The chrono-gladiator rushed forward again, steam hissing from metallic vents sunk into its spinal column. Thorolf dived forward, throwing himself into a roll to evade the brute’s charge. The tau side-stepped left, flowing around the gladiator to slash a wide gash in its midriff as it thumped past. Thorolf was begrudgingly impressed; the tau wielded his weapon, a long pole-arm with a curved blade at each end, with enviable dexterity.
Ignorant of the wound, the chrono-gladiator reset itself and came at them again.
‘Aim for the cabling!’ Thorolf shouted to the tau and rushed forward to meet the chrono-gladiator head on, baiting him.
Nodding in affirmation, the tau circled round behind their opponent, whipping his blade up in a tight arc to slash through a host of the putrid tubes feeding the chrono-gladiator’s nervous system. Chemical-laden fluid spurted out from the severed cables, which writhed like pained serpents, spraying onto the tau’s exposed abdomen. Screaming in pain as the chemicals seared into his flesh, the tau dropped his weapon and stumbled backwards.
Pivoting with a speed that belied its size, the chrono-gladiator sunk a hammer-like fist into the tau’s jaw. The blow shattered the aliens mandible, caved the side of his face in, flipping him backwards through the air like a spent round.

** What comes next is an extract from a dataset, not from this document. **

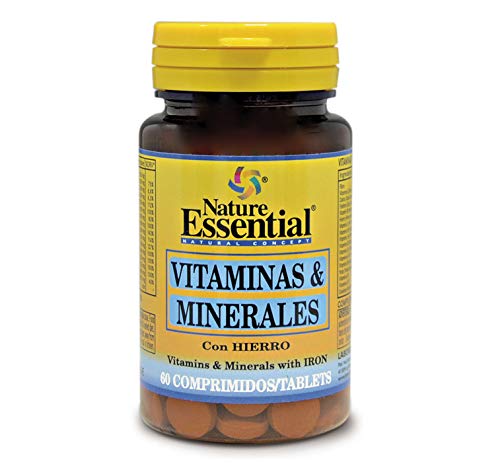 Vitaminas & minerales. 60 comprimidos con fibra, Hierro, Yodo, vitaminas A, C, D, E, B-1, B-2, B-3, B-5, B-6, B-9 y B-12…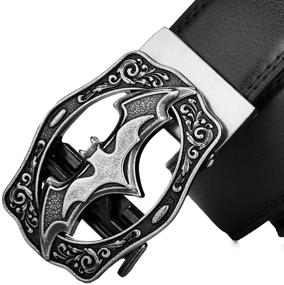 img 3 attached to Black Men's Accessories: NOOS Vintage Pattern Belt with Adjustable Features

Breathing heavily, the chrono-gladiator turned to face Thorolf. It fought to take a step forward as a shudder permeated its body, the vital fluid balancing its tortured musculature spilling out onto the ground.
Thorolf moved backwards, drawing the chrono-gladiator away from the tau, before darting around the walking-weapon to scoop up the tau’s pole-arm. Sticking one of the bladed-ends in the ground and snapping it off, the Space Marine fashioned himself a spear.
‘Your body has suffered enough. It’s time your soul bore some of the burden,’ Thorolf spat, hefting the spear and running full tilt at the chrono-gladiator.
The brute braced itself, flexing its biceps as it prepared to rip Thorolf in half.
A hair’s-breadth outside striking range, Thorolf threw the spear. The weapon hit home before the chrono-gladiator could react, punching into the soft flesh of the brute’s throat. Thorolf followed it in, diving elbow first into the chrono-gladiator and knocking it to the ground.
The Space Marine recovered first, righting himself and driving the spear further through the gladiator’s neck, pinning it to the ground.
Dark ichor ran from the gladiator’s mouth as it reached for the spear but again Thorolf was faster, hammering his fists into the brute’s deltoids and smashing its shoulder joints. With both of its arms disabled, the gladiator’s legs flayed helplessly, its torso twitching in shock as it died.
‘The Emperor protects,’ exhausted, Thorolf rolled off his opponent’s corpse and stumbled to the exit.
‘Space Marine... I live,’ the tau cried out as Thorolf moved past him.
Thorolf stopped and closed his eyes, ‘In His sight.’ Straightening, he turned and walked to the tau. ‘No xenos, you do not.’
The tau looked up, his eyes full of confusion, ‘I... I thought we had a bond, as warriors.’
‘If that were true, I would be as guilty of heresy as those I hunt.’ The Space Marine raised his blade.
Thorolf ran his hand up over the smooth metal of his cell wall, bringing it to rest on a blackened, pockmarked section. Closing his eyes, he traced the contours, his fingers remembering how he’d made each of them. Thorolf’s thoughts turned to the strangled cries of the chrono-gladiator as its retarded throat tried to give voice to its death. He spat on the wall. The metal hissed under the saliva as the acid liquid burned a fresh imperfection into the metal. Satisfied, Thorolf knelt in prayer and offered thanks to the Holy Throne and God Emperor that he yet lived to continue his mission.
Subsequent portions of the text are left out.